Early Modern Period 
Hennings held complete control over the castle, until 1502 when they died out, after which several contestants laid claims to the castle through the female line. Legal dispute arose over the question, whether such "female" claims are legal, or does the king owns a right to give the castle to the new owner. In the end, emperor Ferdinand gave one half of the estates to Styrian noble Andrew Teuffenbach who changed his last name to Henning through his mother's line, while he gave another half to Andras Bathory, also a Henning descendant.

Henning-Tahy Wars 

Andrew Teuffenbach - Henning died in 1563, while his wife Ursula Meknitzer Henning lived on.

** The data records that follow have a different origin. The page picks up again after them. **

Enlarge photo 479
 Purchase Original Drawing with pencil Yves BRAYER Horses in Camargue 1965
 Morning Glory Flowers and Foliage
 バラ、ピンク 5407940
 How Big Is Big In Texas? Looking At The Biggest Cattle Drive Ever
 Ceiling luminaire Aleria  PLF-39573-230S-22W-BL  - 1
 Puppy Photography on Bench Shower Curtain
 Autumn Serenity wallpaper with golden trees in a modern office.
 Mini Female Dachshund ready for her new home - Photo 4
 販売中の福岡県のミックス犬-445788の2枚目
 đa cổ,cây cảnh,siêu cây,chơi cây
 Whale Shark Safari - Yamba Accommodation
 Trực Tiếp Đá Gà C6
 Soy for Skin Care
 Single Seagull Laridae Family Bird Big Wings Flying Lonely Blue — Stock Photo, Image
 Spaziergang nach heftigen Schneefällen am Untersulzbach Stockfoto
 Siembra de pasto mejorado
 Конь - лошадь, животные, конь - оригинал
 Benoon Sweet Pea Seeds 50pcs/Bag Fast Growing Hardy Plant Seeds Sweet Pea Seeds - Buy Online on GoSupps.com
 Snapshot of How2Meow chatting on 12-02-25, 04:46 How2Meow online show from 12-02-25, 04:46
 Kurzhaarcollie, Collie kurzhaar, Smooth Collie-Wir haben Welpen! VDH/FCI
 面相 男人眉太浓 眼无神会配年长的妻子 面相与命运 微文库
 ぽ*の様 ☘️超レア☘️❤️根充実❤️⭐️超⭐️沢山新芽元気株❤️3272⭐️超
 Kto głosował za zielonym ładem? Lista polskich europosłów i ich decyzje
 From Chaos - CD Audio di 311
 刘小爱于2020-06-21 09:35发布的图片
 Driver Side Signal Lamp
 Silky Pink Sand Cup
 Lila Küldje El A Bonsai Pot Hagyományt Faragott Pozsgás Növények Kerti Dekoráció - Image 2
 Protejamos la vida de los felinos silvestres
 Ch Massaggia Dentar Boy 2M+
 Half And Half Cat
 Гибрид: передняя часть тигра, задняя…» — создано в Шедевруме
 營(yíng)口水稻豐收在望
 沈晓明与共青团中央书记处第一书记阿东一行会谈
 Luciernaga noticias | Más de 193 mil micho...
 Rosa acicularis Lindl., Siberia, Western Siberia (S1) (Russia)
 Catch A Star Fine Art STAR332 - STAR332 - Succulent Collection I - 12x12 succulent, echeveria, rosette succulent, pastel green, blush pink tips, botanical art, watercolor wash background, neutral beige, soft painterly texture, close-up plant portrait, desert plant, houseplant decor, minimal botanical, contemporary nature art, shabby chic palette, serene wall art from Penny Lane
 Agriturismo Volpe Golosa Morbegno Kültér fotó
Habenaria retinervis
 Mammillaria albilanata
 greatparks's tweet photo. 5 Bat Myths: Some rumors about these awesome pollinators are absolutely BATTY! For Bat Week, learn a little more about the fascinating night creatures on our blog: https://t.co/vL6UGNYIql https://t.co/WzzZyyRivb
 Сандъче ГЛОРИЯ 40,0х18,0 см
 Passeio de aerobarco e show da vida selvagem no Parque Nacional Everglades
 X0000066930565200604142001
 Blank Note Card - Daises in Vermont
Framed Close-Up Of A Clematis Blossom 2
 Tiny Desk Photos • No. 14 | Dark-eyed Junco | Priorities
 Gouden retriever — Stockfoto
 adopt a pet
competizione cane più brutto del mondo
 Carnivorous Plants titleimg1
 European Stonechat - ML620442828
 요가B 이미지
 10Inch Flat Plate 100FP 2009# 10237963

While he was alive, Teuffenbach leased half of his Susedgrad estate to his wife Ursula Meknitzer, while he leased the other part to Andras Batory. Since he was often away in Hungary, Batory sold his complete rights to bith Susedgrad and Stubica to Ferenc Tahy for 50 000 Forints, who thus became a majority owner. Ursula, however, refused to accept Tahy as a rightful owner, while Tahy also refused to give in to Ursula which brought these two nobles into confrontation. Both Ursula and Tahy started gathering powerful allies around them, with Ursula enjoying support of Croatian viceban Ambroz Gregorijanec, while Tahy enjoyed support of Croatian ban Peter Erdody. Ursula made the first move 1565 when she gathered an army of some 800 local peasants had Tahy's family kicked out of the possession. When Croatian ban Petar Erdody gathered Army of Croatian ban to punish her, Ursula and her allies again gathered 3000 strong peasant army and routed Army of Croatian ban in Battle of Susedgrad in July 1565.  The issue was then lifted to Croatian parliament who raised a lawsuit against Ursula, while Royal Chamber confiscated her possessions until the lawsuit is resolved. Tahy was meanwhile brought back in following year, and started to make revenge against local peasants who fought along Ursula against him, and this would eventually escalate in Croatian-Slovene Peasant Revolt of 1573. Since Tahy died same year, Hennings bought back Tahy's part of the estate from his descendants in 1574.

Abandonment 
Historian Stjepan Laljak notes that in 1590, Susedgrad was shaken by a violent earthquake. In the beginning of 17th century, the castle burnt down, and it was later abandoned and left to ruin. One of the main reasons was that there was no need for a large fort since danger from Ottoman akinji incursions diminished. Also, the methods of warfare evolved, making this castle useless.

Contemporary Period 
The castle gave name to today neighbourhood of Podsused, meaning literally "under Sused".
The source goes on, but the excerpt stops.